About this exercise: Only one span of the listing below is wanted: the lines from the one with "Used 2024 Porsche" through the one with "Polícia Civil recolhe", reproduced exactly, both ends kept.
════════════════
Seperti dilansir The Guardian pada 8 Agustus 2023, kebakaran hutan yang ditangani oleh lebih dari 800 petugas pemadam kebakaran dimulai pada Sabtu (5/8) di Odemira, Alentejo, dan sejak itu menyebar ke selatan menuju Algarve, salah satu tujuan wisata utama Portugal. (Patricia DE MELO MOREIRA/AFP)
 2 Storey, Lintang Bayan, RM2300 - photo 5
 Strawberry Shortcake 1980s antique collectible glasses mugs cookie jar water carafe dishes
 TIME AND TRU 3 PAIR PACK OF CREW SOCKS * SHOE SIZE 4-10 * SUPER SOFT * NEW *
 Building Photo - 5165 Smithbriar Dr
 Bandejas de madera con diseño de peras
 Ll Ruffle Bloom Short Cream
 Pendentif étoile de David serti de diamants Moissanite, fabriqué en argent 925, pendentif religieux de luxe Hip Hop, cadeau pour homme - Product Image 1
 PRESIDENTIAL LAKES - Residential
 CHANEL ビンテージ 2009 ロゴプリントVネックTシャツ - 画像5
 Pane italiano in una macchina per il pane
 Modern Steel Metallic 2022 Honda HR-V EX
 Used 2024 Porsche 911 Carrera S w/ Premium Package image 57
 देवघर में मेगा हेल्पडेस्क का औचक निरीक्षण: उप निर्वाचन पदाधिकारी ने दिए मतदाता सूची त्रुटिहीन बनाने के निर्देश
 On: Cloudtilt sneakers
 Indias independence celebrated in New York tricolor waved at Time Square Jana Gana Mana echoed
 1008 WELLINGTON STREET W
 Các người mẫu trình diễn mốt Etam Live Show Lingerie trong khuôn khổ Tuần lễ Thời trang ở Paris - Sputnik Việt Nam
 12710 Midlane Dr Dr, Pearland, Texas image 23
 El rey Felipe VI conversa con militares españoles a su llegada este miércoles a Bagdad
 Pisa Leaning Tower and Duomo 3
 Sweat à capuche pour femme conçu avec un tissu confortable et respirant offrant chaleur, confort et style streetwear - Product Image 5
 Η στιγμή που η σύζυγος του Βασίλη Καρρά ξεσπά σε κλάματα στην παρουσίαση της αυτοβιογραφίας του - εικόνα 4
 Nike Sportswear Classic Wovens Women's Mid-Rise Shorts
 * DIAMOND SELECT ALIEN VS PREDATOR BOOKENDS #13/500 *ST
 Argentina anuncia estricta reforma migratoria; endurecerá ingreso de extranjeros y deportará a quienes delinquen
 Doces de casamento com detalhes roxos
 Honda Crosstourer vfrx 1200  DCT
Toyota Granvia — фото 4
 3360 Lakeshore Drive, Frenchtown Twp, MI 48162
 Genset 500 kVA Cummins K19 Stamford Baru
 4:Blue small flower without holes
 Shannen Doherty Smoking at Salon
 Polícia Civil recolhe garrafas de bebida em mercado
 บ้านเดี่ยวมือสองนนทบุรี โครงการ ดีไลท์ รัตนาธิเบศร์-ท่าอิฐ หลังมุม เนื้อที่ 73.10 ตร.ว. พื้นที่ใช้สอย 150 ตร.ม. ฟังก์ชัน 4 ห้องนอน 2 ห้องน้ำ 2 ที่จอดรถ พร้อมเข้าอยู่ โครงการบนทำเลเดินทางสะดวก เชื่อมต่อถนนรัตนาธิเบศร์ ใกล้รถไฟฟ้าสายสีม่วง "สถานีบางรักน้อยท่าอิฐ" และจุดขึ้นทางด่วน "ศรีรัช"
════════════════
Output:
 Used 2024 Porsche 911 Carrera S w/ Premium Package image 57
 देवघर में मेगा हेल्पडेस्क का औचक निरीक्षण: उप निर्वाचन पदाधिकारी ने दिए मतदाता सूची त्रुटिहीन बनाने के निर्देश
 On: Cloudtilt sneakers
 Indias independence celebrated in New York tricolor waved at Time Square Jana Gana Mana echoed
 1008 WELLINGTON STREET W
 Các người mẫu trình diễn mốt Etam Live Show Lingerie trong khuôn khổ Tuần lễ Thời trang ở Paris - Sputnik Việt Nam
 12710 Midlane Dr Dr, Pearland, Texas image 23
 El rey Felipe VI conversa con militares españoles a su llegada este miércoles a Bagdad
 Pisa Leaning Tower and Duomo 3
 Sweat à capuche pour femme conçu avec un tissu confortable et respirant offrant chaleur, confort et style streetwear - Product Image 5
 Η στιγμή που η σύζυγος του Βασίλη Καρρά ξεσπά σε κλάματα στην παρουσίαση της αυτοβιογραφίας του - εικόνα 4
 Nike Sportswear Classic Wovens Women's Mid-Rise Shorts
 * DIAMOND SELECT ALIEN VS PREDATOR BOOKENDS #13/500 *ST
 Argentina anuncia estricta reforma migratoria; endurecerá ingreso de extranjeros y deportará a quienes delinquen
 Doces de casamento com detalhes roxos
 Honda Crosstourer vfrx 1200  DCT
Toyota Granvia — фото 4
 3360 Lakeshore Drive, Frenchtown Twp, MI 48162
 Genset 500 kVA Cummins K19 Stamford Baru
 4:Blue small flower without holes
 Shannen Doherty Smoking at Salon
 Polícia Civil recolhe garrafas de bebida em mercado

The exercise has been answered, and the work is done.